Em um projeto que mistura inovação e controvérsia, um grupo de bilionários da inteligência artificial tem atraído milhares de pessoas em São Paulo, oferecendo moedas virtuais em troca da leitura da íris. O procedimento, que promete recompensar os participantes com até R$ 600, tem causado uma verdadeira corrida pelas filas, levantando preocupações sobre segurança digital.
Denominado Worldcoin, o criptoativo gerado por este projeto tem cotação flutuante e, no início da semana, estava avaliado em cerca de US$ 92 (aproximadamente R$ 555). O processo, que exige a coleta da íris — uma característica única como a impressão digital — tem atraído desde caravanas familiares até idosos, com muitos sem entender completamente os riscos envolvidos.
Especialistas em segurança digital têm alertado para os potenciais perigos dessa coleta de dados sensíveis.
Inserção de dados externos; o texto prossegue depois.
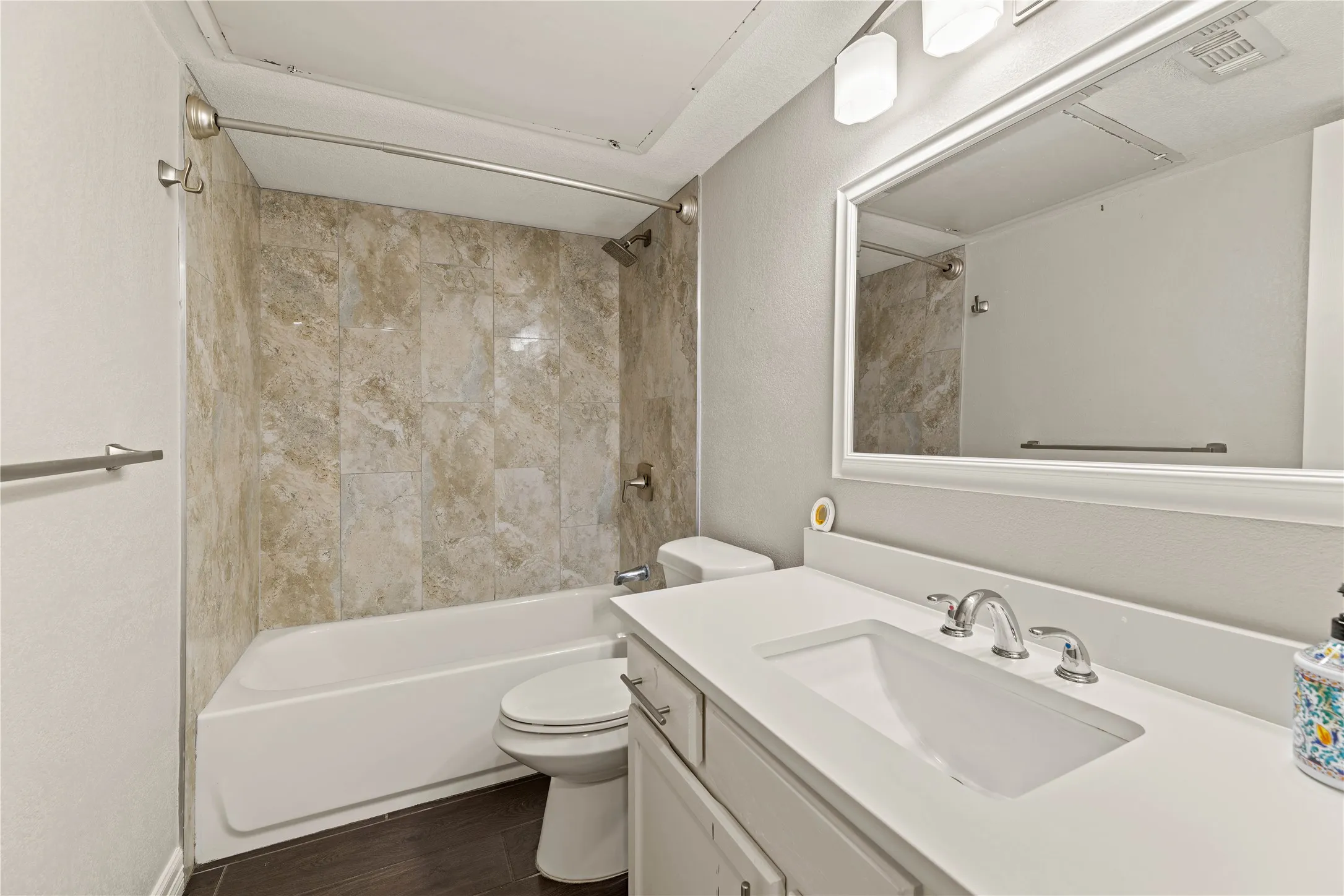 Bathroom featuring a white vanity with an integrated sink, chrome faucet, and a framed mirror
A íris, sendo um identificador biométrico único, levanta questões sobre a privacidade e o uso indevido dessas informações. No entanto, essa preocupação não tem impedido que centenas de milhares de pessoas se dirijam até os pontos de coleta, como foi observado em uma movimentação intensa na Rua Rosa Pavone, na Penha, zona leste de São Paulo, na terça-feira (22/1).
A operação, que ocorre em locais com identificação discreta da empresa, tem gerado uma mistura de empolgação e desinformação. Embora o número de participantes continue crescendo, a falta de clareza sobre os riscos e as consequências de fornecer dados tão pessoais permanece um alerta importante, que ainda não está impedindo a adesão em massa.